First you need to install the Python for Windows extension, which adds a lot of neat functions, including what we’re looking for - win32serviceutil. Now we build a simple function to stop, start, restart, or query the status of a Windows service.

def service_manager(action, machine, service):
    if action == 'stop':
        win32serviceutil.StopService(service, machine)
    elif action == 'start':
        win32serviceutil.StartService(service, machine)
    elif action == 'restart':
        win32serviceutil.RestartService(service, machine)
    elif action == 'status':
        if win32serviceutil.QueryServiceStatus(service, machine)[1] == 4:
            print "%s is happy" % service
        else:
            print "%s is being a PITA" % service

Now we’re off and running. Since the problem here is Tomcat just up and dies, a simple urlopen to Apache will do it.

import urllib
import socket
import win32serviceutil

def service_info(action, machine, service):
......

socket.setdefaulttimeout(30)
try:
    f = urllib.urlopen("http://servername:8080/")
    print "Tomcat is smokin'."
except:
    print "Tomcat is dead. Restarting the service."
    service_manager("restart", "servername", "Apache Tomcat")

This little bit of code sets the default connection timeout to 30 seconds, so if the service is up and running, it will spend up to 30 seconds loading the URL to f. If that runs without error, we’re golden. If a socket error occurs (i.e. Tomcat is not talking), the exept block is executed, restarting the Tomcat service. Set the tiny script to run every 10 minutes or so, Bob’s your uncle, a self-healing server.

You can do quite a few service management tricks with this simple code. Say you’ve got an ArcIMS server that’s croaking on you (not an uncommon thing). Wouldn’t it be nice if the services would simply restart themselves?

Let’s say you have a map service named map_service on a server named servername (we’re also implying you’re incredibly uncreative here).

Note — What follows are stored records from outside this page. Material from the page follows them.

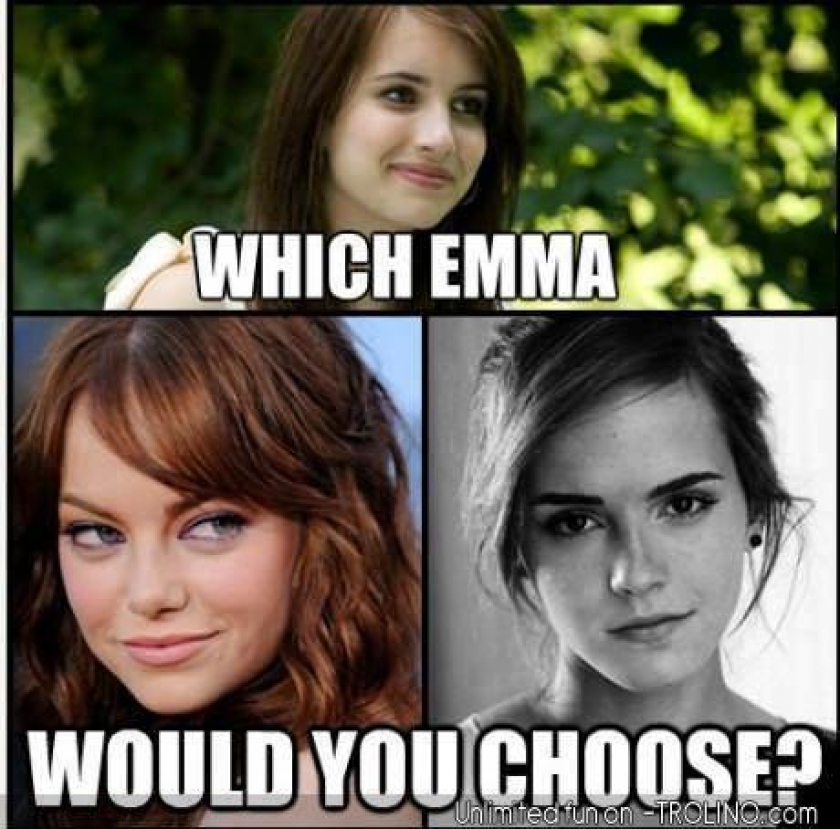                          Which Emma would you choose                      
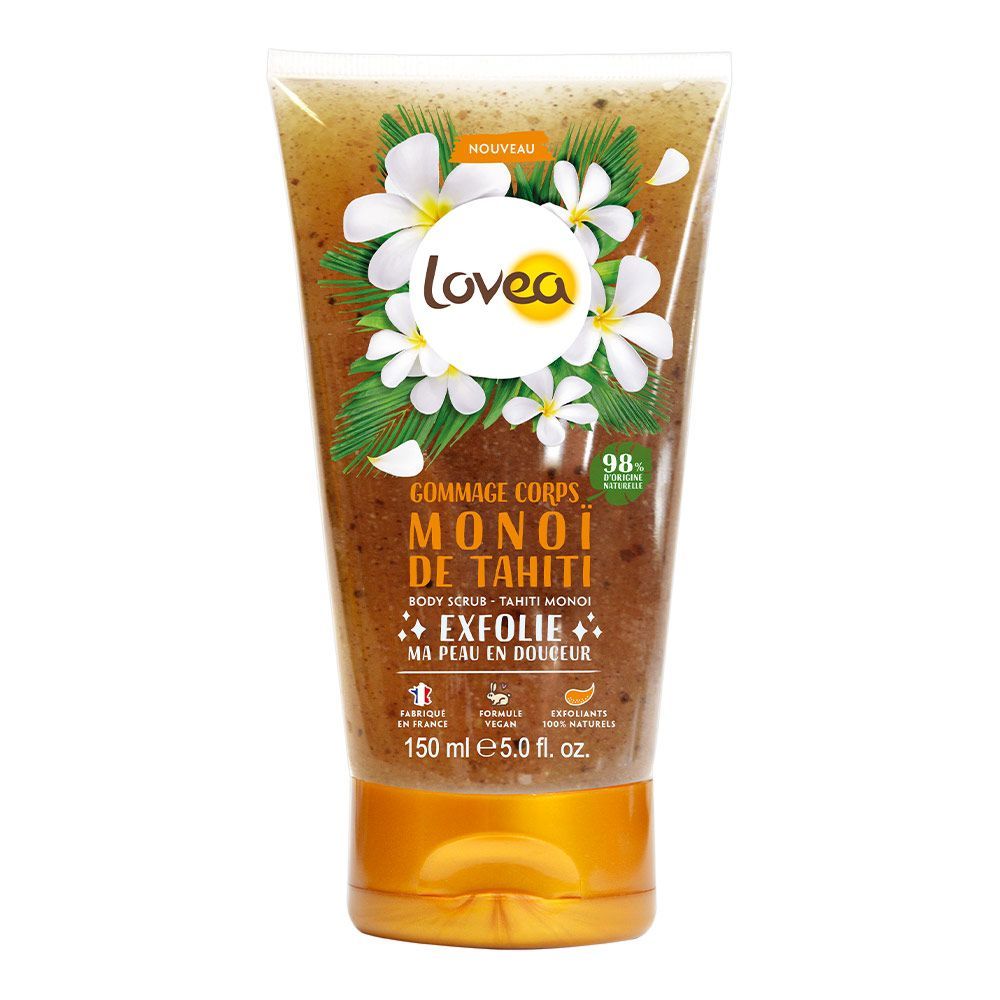 Lovea Monoi De Tahiti Body Scrub 150 mL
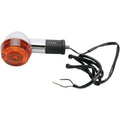K&S DOT Turn Signal Rear Right Chrome Amber for Kawasaki Vulcan 500 Ltd 90-96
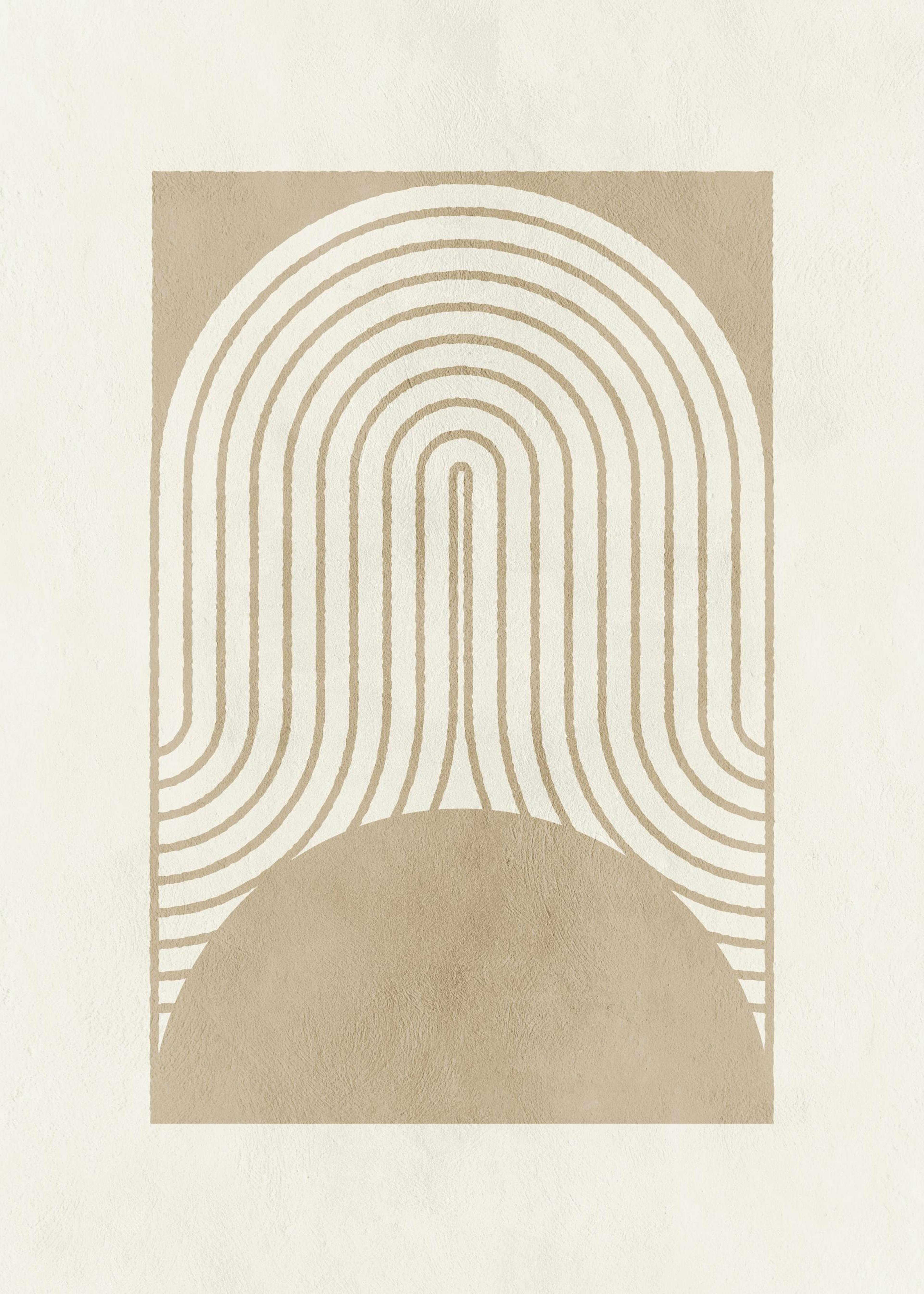 Graphic Shapes and Curves No2 Print 0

ArcIMS is making images that look like so:
map_service_SERVERNAME24642500375.xxx

If ArcIMS has taken a walk, a hit to a web page with the map on it won’t have a link to your map image. So we hit the page, look for the “map_service_SERVERNAME” text string, and if it doesn’t find it, we restart the services:

f = urllib.urlopen("http://URL-to-page-with-map/")
s = f.read()

if s.find("map_service_SERVERNAME") == -1 :
    print "Restarting ArcIMS."
    service_manager("stop", "servername", "ArcIMS Tasker 9.x")
    service_manager("stop", "servername", "ArcIMS Monitor 9.x")
    service_manager("stop", "servername", "ArcIMS Application Server 9.x")
    service_manager("start", "servername", "ArcIMS Application Server 9.x")
    service_manager("start", "servername", "ArcIMS Monitor 9.x")
    service_manager("start", "servername", "ArcIMS Tasker 9.x")
else:
    print "ArcIMS OK! Send ESRI a check!"

Viola - if ArcIMS is down, our script will spank it back to life while we’re spinning about in our chairs. The maximum down time will be service_death + time_to_next_script_run + arcims_comes_back_to_life_time, the latter of which can take a while. But the customer-calls-help-desk-calls-you-login-manually-restart process takes even longer, and there’s no telling how long it’s down before it gets to your desk.

Of course you can do quite a bit more with this stuff - send yourself an email or SMS message, log things to a file or the event log, etc. - but this should give you some ideas. Python is a great langauge for a lot of different server management tasks.